WHAT IS BEING ASKED — Only the lines from the one with "DS Covers TRANSPORT" through the last line of the data below are to be duplicated, exactly and without pictures.

DATA BLOCK —
####################

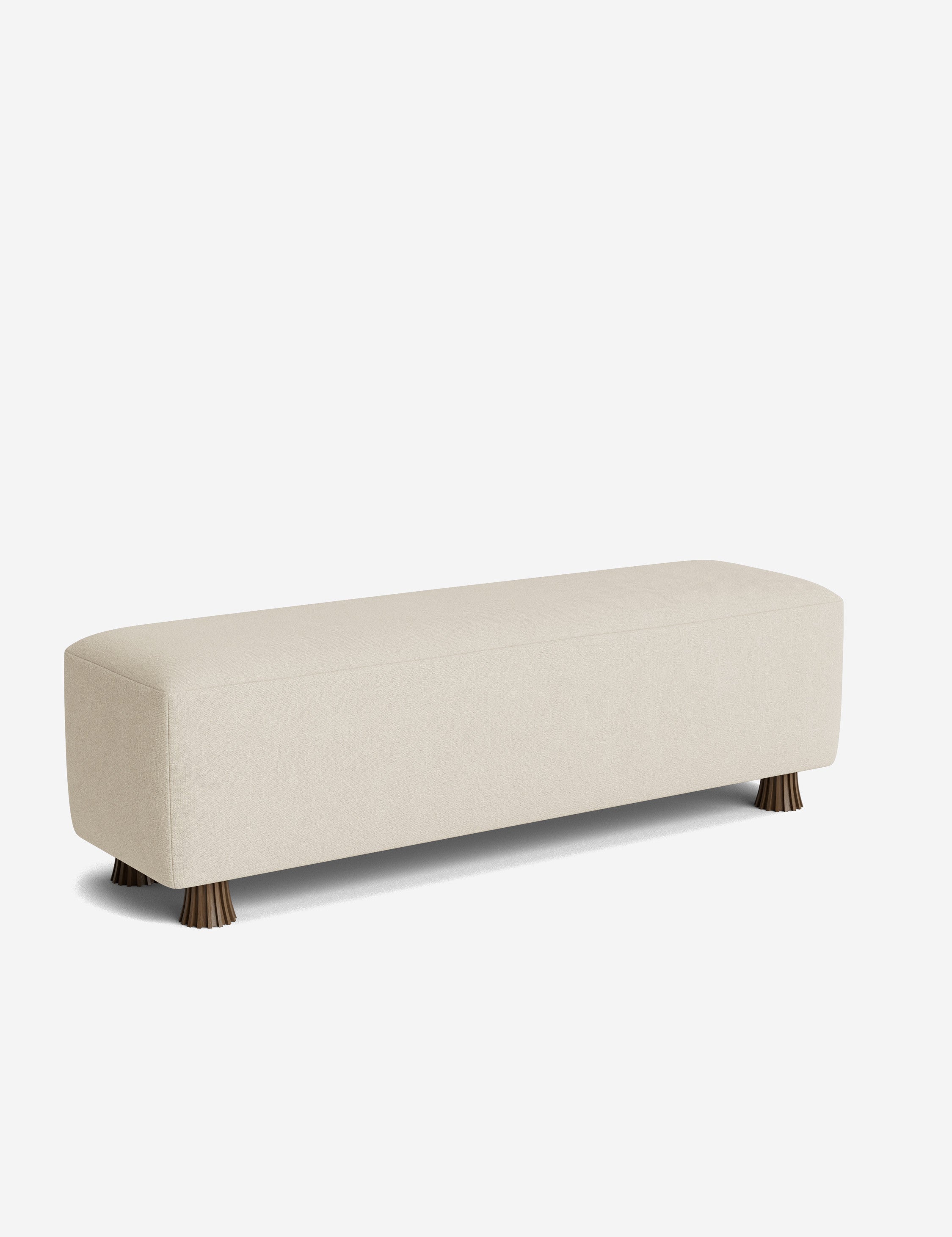 Lulu and Georgia Ansel Bench by DISC Interiors - view 84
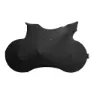 DS Covers TRANSPORT Sykkeltrekk, Black, One Size
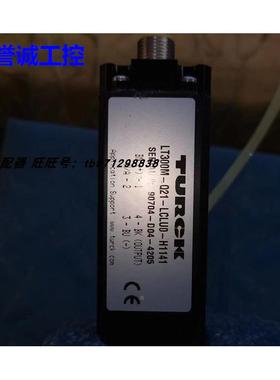 图尔克LT300M-Q21-LC-LU0-H1141位移传感器 LT400MQ21LCLU0H1141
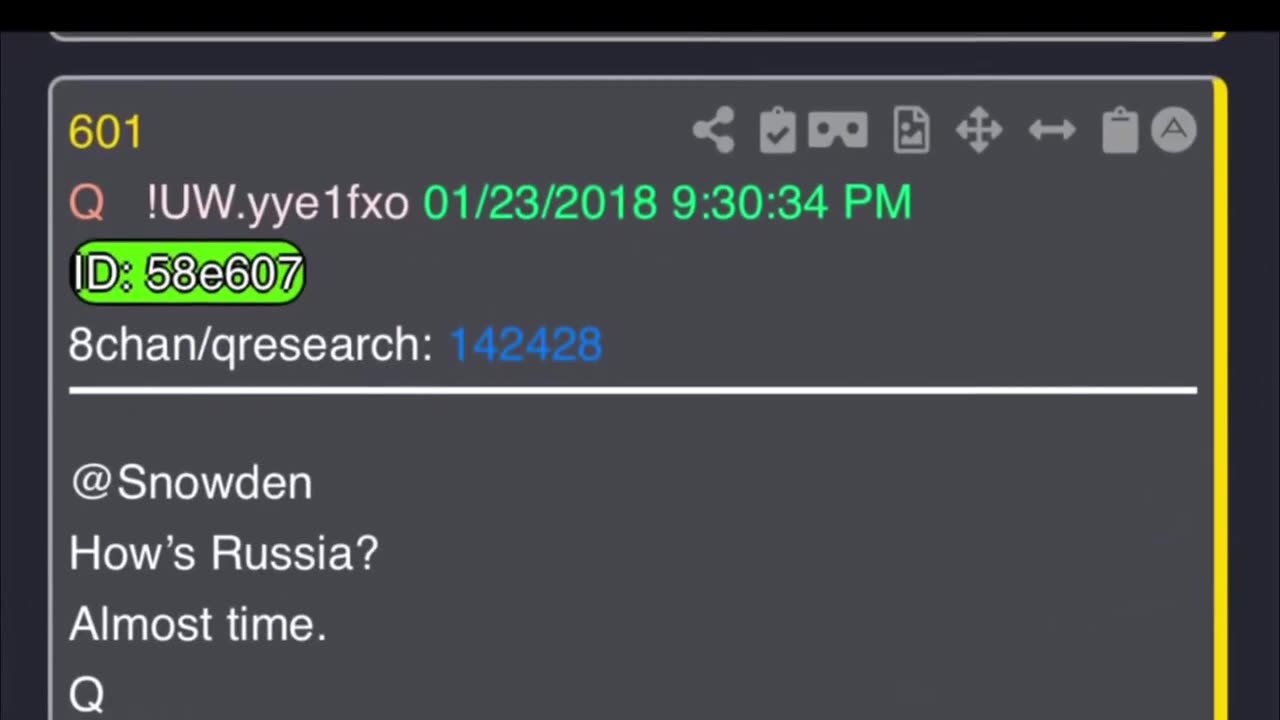 🔥 OBAMAGATE UNLOCKED: Secret January 5th Intel Freeze, COVID Origins & the Shadow Presidency Exposed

####################

TASK SOLUTION —
 DS Covers TRANSPORT Sykkeltrekk, Black, One Size
 图尔克LT300M-Q21-LC-LU0-H1141位移传感器 LT400MQ21LCLU0H1141
 🔥 OBAMAGATE UNLOCKED: Secret January 5th Intel Freeze, COVID Origins & the Shadow Presidency Exposed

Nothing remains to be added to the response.